Hat mein Kind zum Beispiel Angst, dann werde ich ihm nicht die Hand verwehren. Ich werde ihm den Raum halten, meine Präsenz schenken und ihm dadurch Sicherheit vermitteln. Ich werde dabei NICHT in ein Mitleiden gehen, weil das nicht dienlich ist. Durch mein klares präsentes Dasein ist alles getan. Das Kind spürt, dass alles gut ist.
Sicher kommen da auch liebevolle Worte, Gesten und allenfalls Berührung mit dazu. Und selbstverständlich werde ich es, wenn nötig, aus der Situation holen oder die soweit anpassen, dass keine Überforderung mehr besteht.
Manchmal eine Gratwanderung, weil es auch wichtig ist zu erleben, dass man einer Situation ja doch gewachsen ist.
Für mich eine Gratwanderung zwischen Schutz und einem Kind oder Tier (im Übrigen auch mir selber) die Möglichkeit zu geben zu wachsen und eigene innere Sicherheit erlangen zu können.
Das braucht viel Fingerspitzengefühl und da muss ich echt sagen, dass ich persönlich mich oft einfach auf meine Intuition verlasse. Natürlich immer gleichzeitig damit, dass ich auf mein Gegenüber achte und es sehe.
Was ich eben für das ängstliche Kind beschrieben habe, gilt auch bei den Tieren und bei mir selber.
Präsent zu sein mit meinen Emotionen. Zu fühlen was gerade da ist und gut in meinen Körper zu atmen.

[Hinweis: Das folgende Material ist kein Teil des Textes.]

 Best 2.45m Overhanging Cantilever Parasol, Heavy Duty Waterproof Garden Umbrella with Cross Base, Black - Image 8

Da Präsenz im Körper sich nicht mit Kopfgeschichten ausgeht, achte ich darauf mich gleichzeitig nicht in irgendwelchen Kopfgeschichten zu verlieren. Auch das braucht innere Führung. Und es ist ein echter Gamechanger, dass mein System sich so nicht in alten Erfahrungen verheddert, die womöglich einfach nicht mehr adäquat sind.

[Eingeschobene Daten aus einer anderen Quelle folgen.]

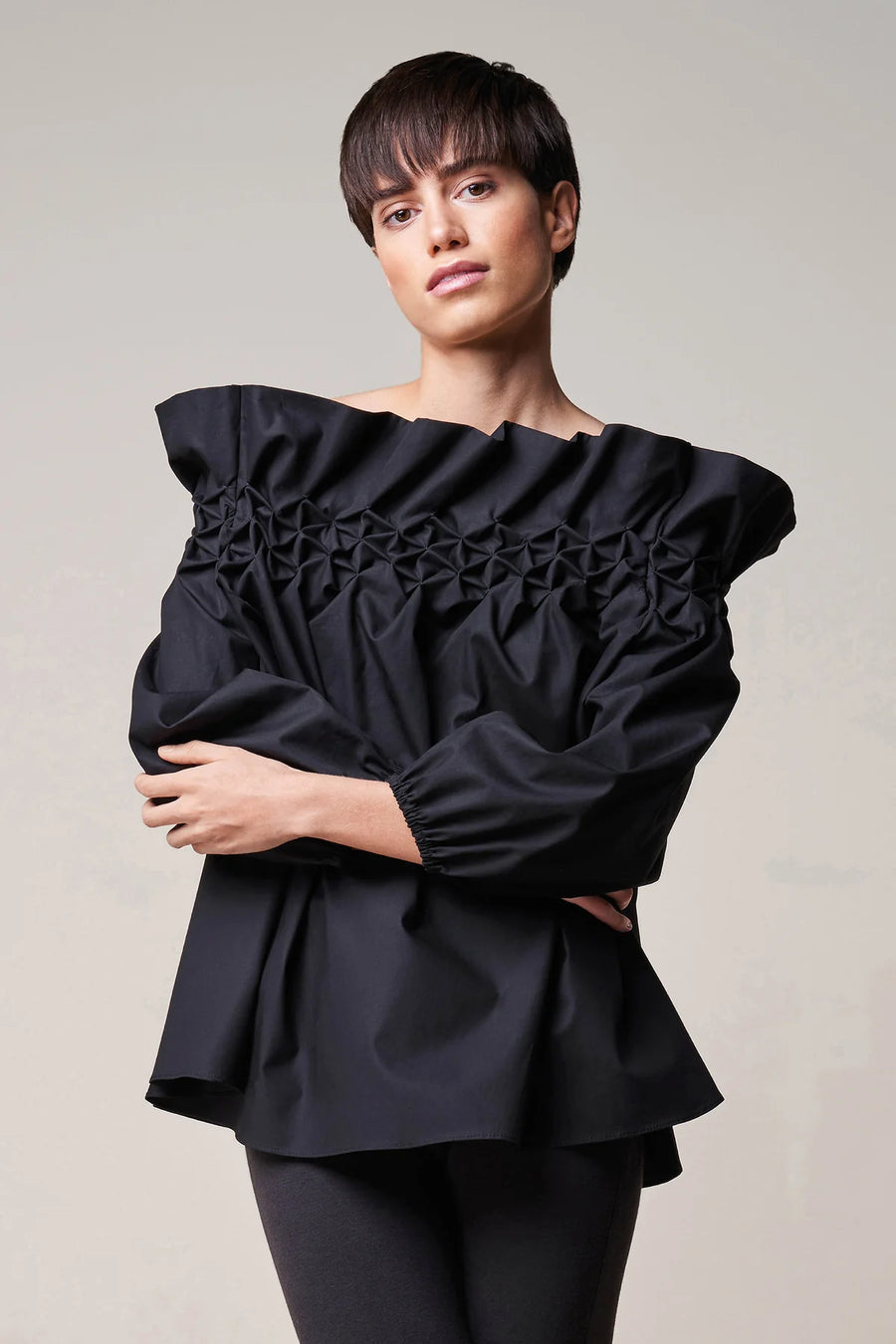 ARMARGENTUM EUPHORIA BLOUSE IN NITRIUM BLACK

Präsenz im Körper und im Moment. Was brauche ich jetzt gerade? Und was braucht mein Gegenüber jetzt gerade?
Diese Präsenz und Führung kann ich im Aussen nur geben, wenn ich sie in mir gefunden habe.
Klingt cool, oder? Ist es auch! Und vieles ist so viel einfacher.
Und gleichzeitig ist es ein Weg. Weil - zumindest für mich - nicht immer ganz so einfach. Weil ich manchmal auch noch in alte Muster verfalle und es nicht immer unmittelbar bemerke.
Aber immer weniger, weil da schon so viel Bewusstsein ist. Und wenn es mal doch noch passiert? So what! Es bedeutet auch die Führung für mich wieder zu übernehmen und einfach wieder aus dem was immer mir gerade nicht dient auszusteigen.
Genauso wie ich auch meine eigenen Grenzen immer mehr achte, genauso werde ich vermeiden über die Grenzen anderer hinauszugehen.
Signalisiert mir mein Hund beispielsweise, dass ich ihm zu nahe komme, dann gehe ich auch da nicht drüber. Es braucht einfach gegenseitigen Respekt. Und das geht einfach nicht, wenn ich mich unbedingt durchsetzen muss, komme was wolle.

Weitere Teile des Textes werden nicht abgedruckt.